It’s a fraught moment when children make the connection that pain is something to avoid feeling, but might also be useful to inflict, especially when adults aren’t around. That’s one of the many shrewd observations underscoring “The Innocents,” Eskil Vogt’s unsettling tale of a cruel summer for a quartet of kids who become friends over their discovery of mysterious powers.
It’s certainly daring of the Norwegian writer-director, a recent Oscar nominee for co-scripting Joachim Trier’s “The Worst Person in the World,” to give his slow-burning, supernatural chiller the same title as Jack Clayton’s 1961 adaptation of “The Turn of the Screw,” one of the all-time great horror movies featuring creepy little ones.

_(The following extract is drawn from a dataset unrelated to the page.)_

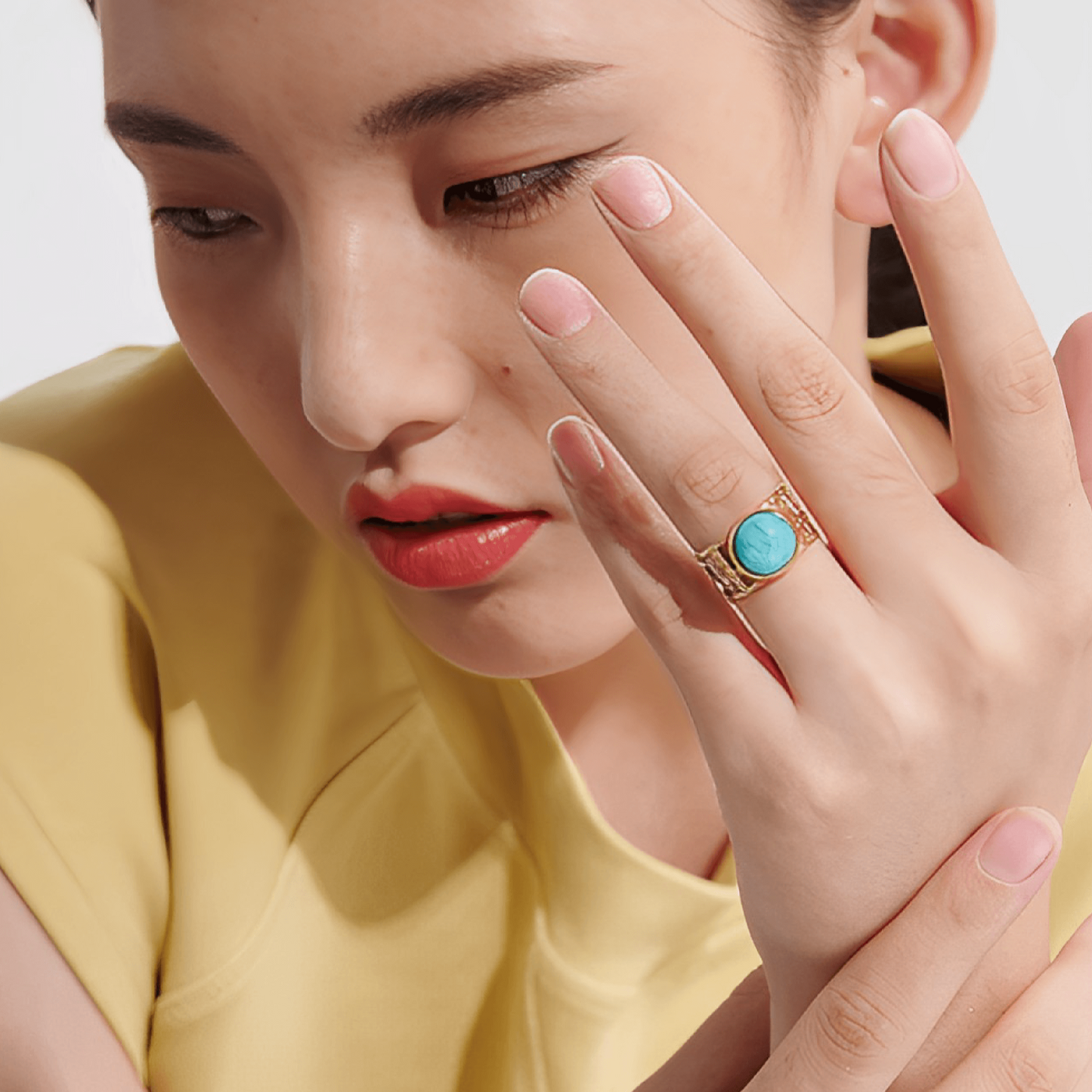 Lustrous Wave Ring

But Vogt, with his second feature, has crafted a disturbing and original heart-pounder all his own, uncommonly attuned to the perspective of unsocialized prepubescents: how their feelings work, what their minds process and why their worst moments may bring catharsis to them, but can look terrifyingly wrong to us.
A tiny window into the moral universe of someone immature is our introduction to freckled Ida (Rakel Lenora Fløttum), strapped into the backseat of a car on the way to her new home. When her mother (Ellen Dorrit Petersen) in the front isn’t looking, she hard-pinches the leg of her non-verbal, autistic older sister Anna (Alva Brynsmo Ramstad). But it’s like a bad-behavior freebie — Anna doesn’t appear to feel it, and for Ida it releases some of the resentment she feels, not only toward the sibling always getting the attention and making her feel ignored but also toward the parents, forcing her to start all over again making friends. It’s the summer holiday, too, so the forest-ringed multi-story apartment complex they’ve moved to feels especially empty and isolating.
Exploring the grounds — the soullessness of the buildings and the green of the surrounding woods, like some fractured fairytale setting — Ida meets Ben (Sam Ashraf), a fellow casualty of frequent relocating and a blunt personality ready to show off that he can make small objects move with his mind. Their attachment is quick; the first time Ida bursts out smiling at one of Ben’s tricks, our relief at her mood change nearly overshadows that we also saw physics defied. (Which is a nifty indication of where Vogt’s priorities lie.)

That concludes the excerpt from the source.